By PAUL SONNE, JEANNE WHALEN and BRUCE ORWALL
LONDON—New evidence given to Parliament by former News Corp. executives and legal advisers undercut the company's account of phone hacking at its News of the World tabloid and contradicted News Corp.'s longstanding assertion that it had conducted a thorough internal investigation.
The new documents sharply escalated the battle unfolding between News Corp. and a cast of combatants including a former law firm, a disgraced reporter and several former high-ranking executives.
The evidence shows how a once tight-knit group of News Corp. executives and advisers have begun trading blame over responsibility for the now-defunct tabloid's sins. The debate is likely to drag on for months.
With the new evidence in hand, the U.K. Parliament select committee probing the matter said Tuesday it would call four former News Corp. officials for questioning in September. It also indicated that top executive James Murdoch may be recalled for oral testimony again.

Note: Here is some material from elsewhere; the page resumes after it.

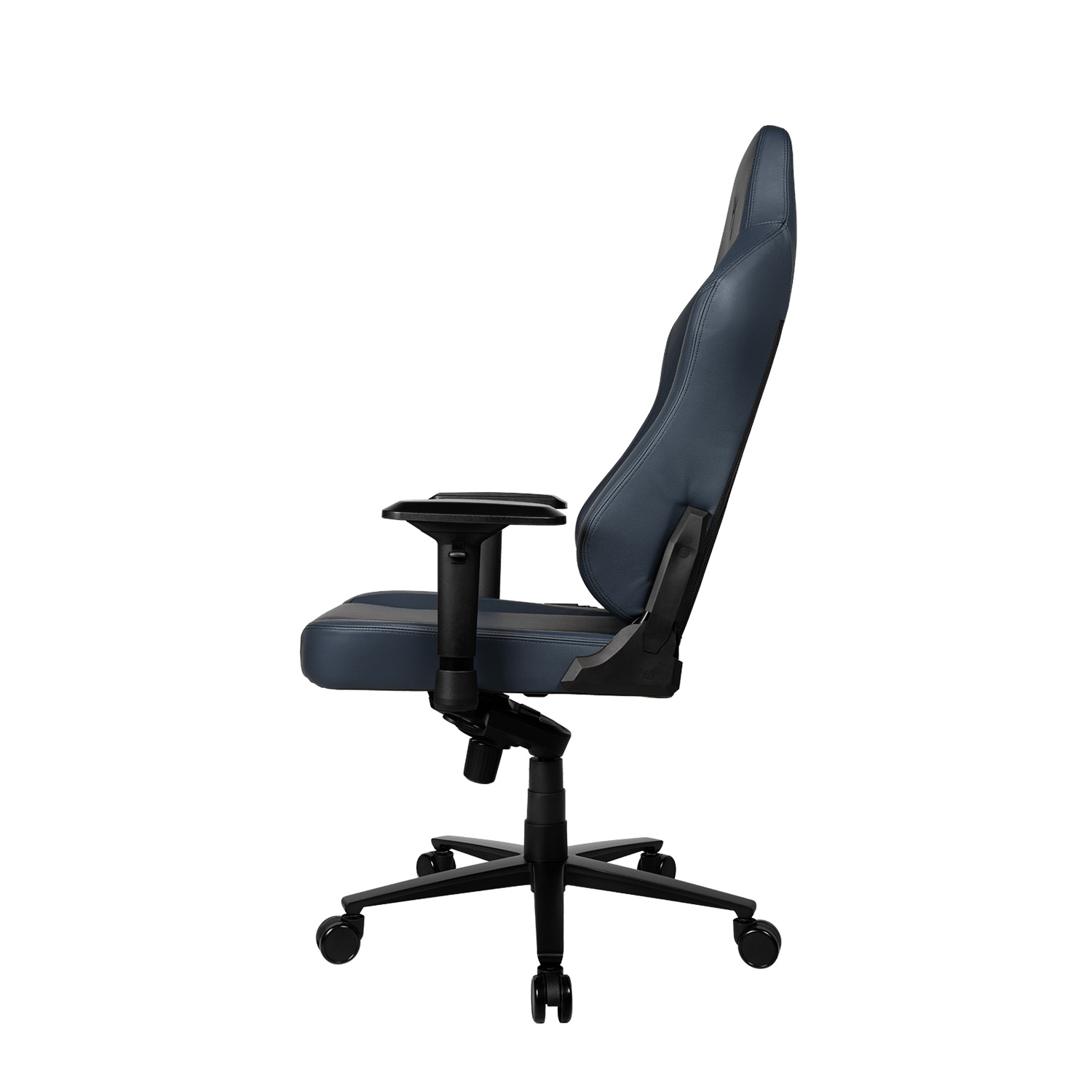 Una sedia da gaming blu con accenti neri, vista di lato su sfondo bianco.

One damaging document is a March 2007 letter from Clive Goodman, the former News of the World reporter who pleaded guilty to phone-hacking charges and went to jail in 2007. In that letter, sent by Mr. Goodman to Daniel Cloke, then head of human resources at News International, the company's U.K. newspaper unit, Mr. Goodman said he was wrongfully fired because he wasn't alone: phone hacking was "widely discussed" in the paper's newsroom, practiced by others and approved by editors.
Mr. Goodman, who sent the letter to News International as part of an appeal against his firing, also said the paper's top editor and lawyer had promised him his job back if he didn't implicate anyone else at the tabloid when pleading guilty.